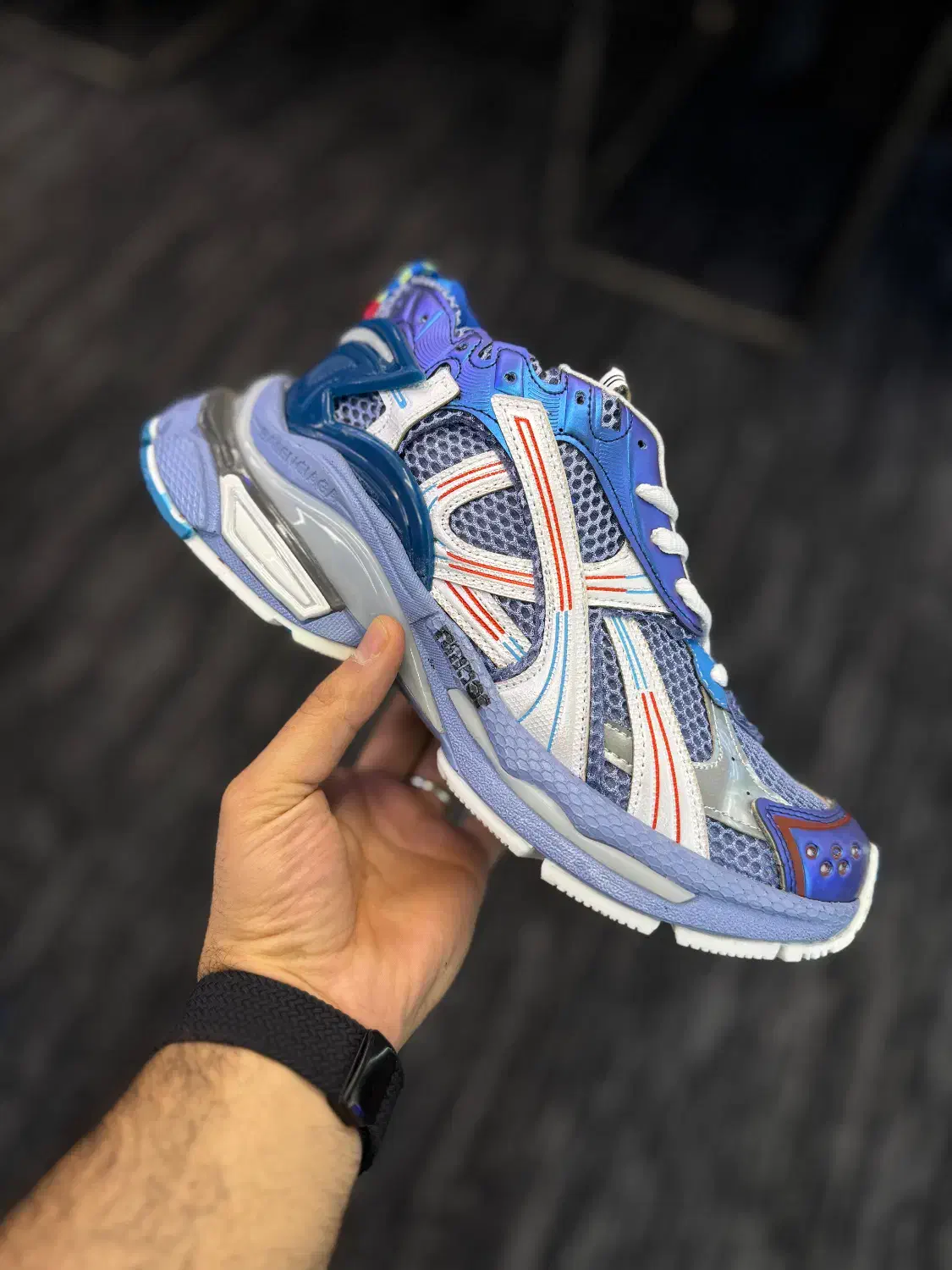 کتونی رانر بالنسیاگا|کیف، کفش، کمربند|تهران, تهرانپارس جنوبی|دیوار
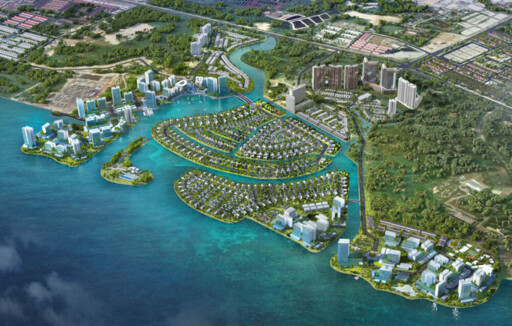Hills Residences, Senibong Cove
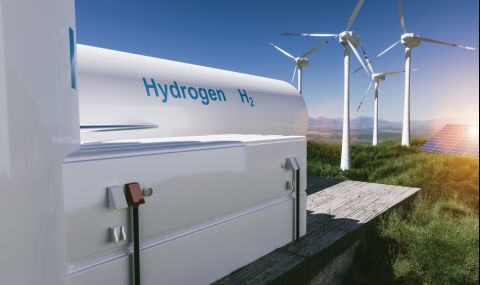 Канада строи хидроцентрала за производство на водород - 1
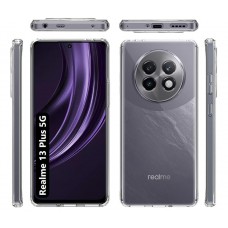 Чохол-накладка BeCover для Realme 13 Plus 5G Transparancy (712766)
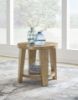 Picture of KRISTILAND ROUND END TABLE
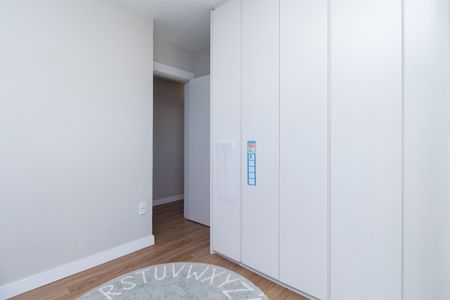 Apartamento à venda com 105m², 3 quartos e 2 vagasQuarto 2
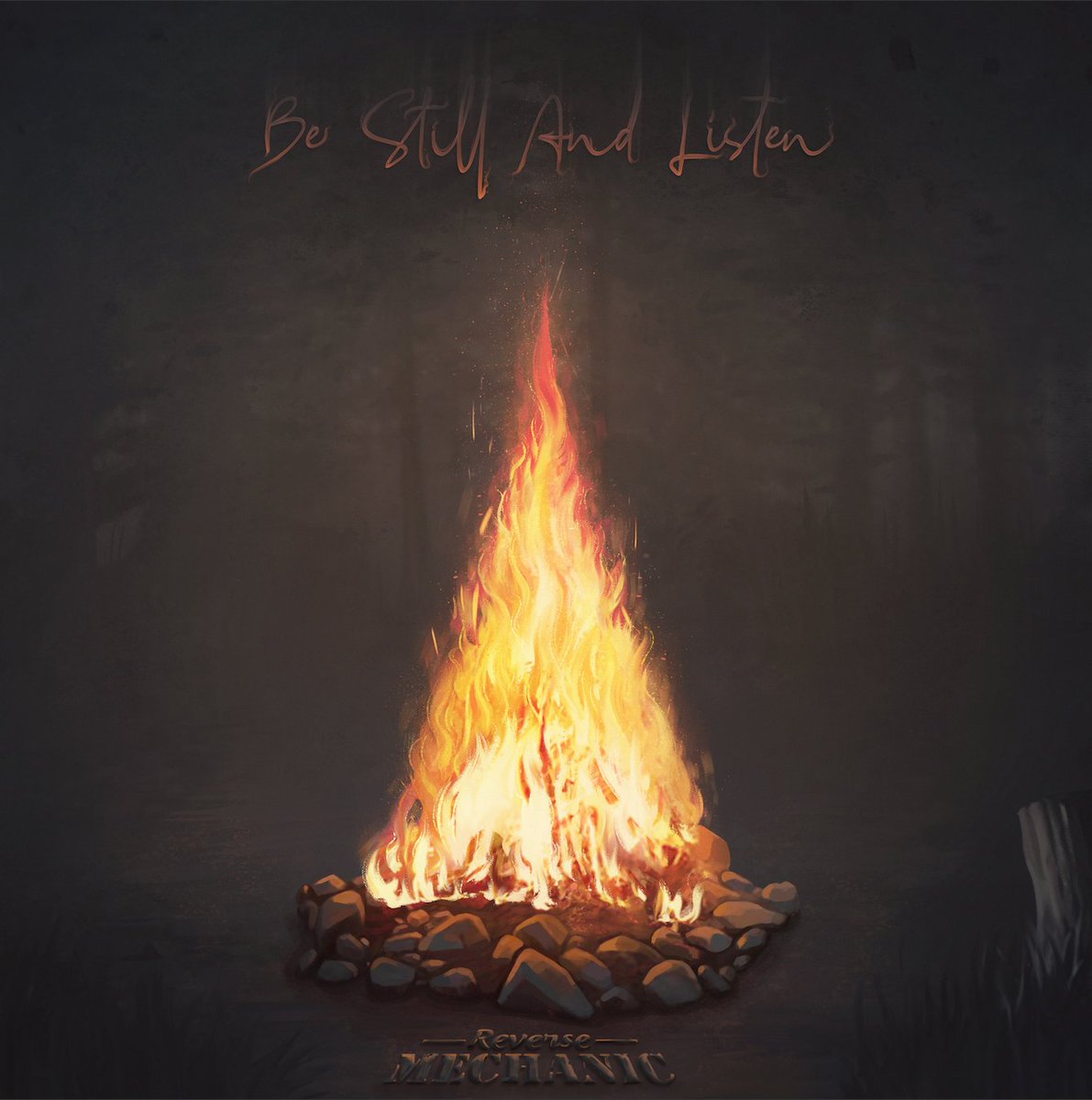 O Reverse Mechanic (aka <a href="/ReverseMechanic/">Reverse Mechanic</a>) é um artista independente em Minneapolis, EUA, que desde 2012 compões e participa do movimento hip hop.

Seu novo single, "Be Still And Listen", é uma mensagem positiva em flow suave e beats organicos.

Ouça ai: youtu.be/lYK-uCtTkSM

---

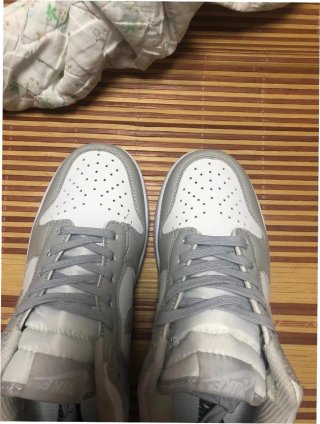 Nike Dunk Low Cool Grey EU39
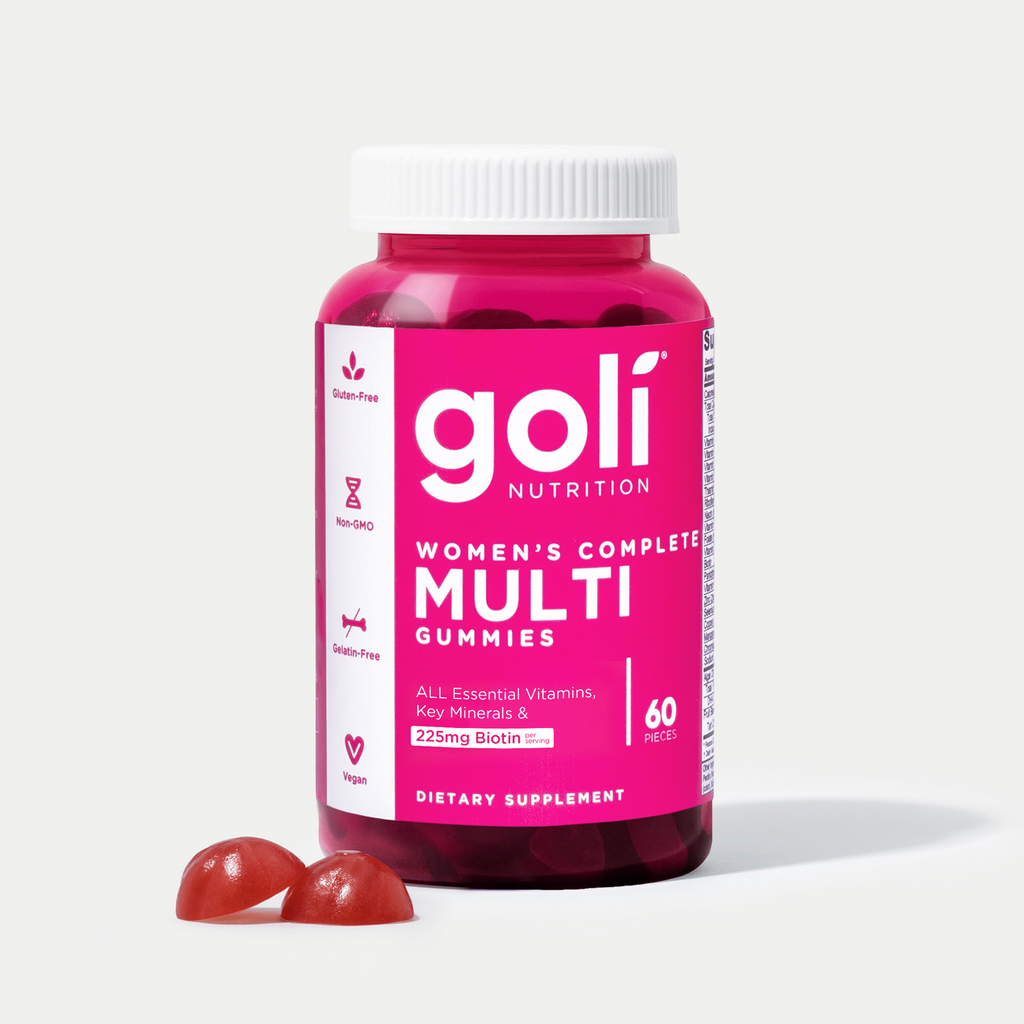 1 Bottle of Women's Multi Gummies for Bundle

**What to do:**
Your copy should hold the lines from the one with "Hills Residences, Senibong Cove" up to and including the one with "Ouça ai: youtu.be/lYK-uCtTkSM", exactly as in the data above, and no pictures.

**Answer:**
Hills Residences, Senibong Cove
 Канада строи хидроцентрала за производство на водород - 1
 Чохол-накладка BeCover для Realme 13 Plus 5G Transparancy (712766)
 Picture of KRISTILAND ROUND END TABLE
 Apartamento à venda com 105m², 3 quartos e 2 vagasQuarto 2
 O Reverse Mechanic (aka <a href="/ReverseMechanic/">Reverse Mechanic</a>) é um artista independente em Minneapolis, EUA, que desde 2012 compões e participa do movimento hip hop.

Seu novo single, "Be Still And Listen", é uma mensagem positiva em flow suave e beats organicos.

Ouça ai: youtu.be/lYK-uCtTkSM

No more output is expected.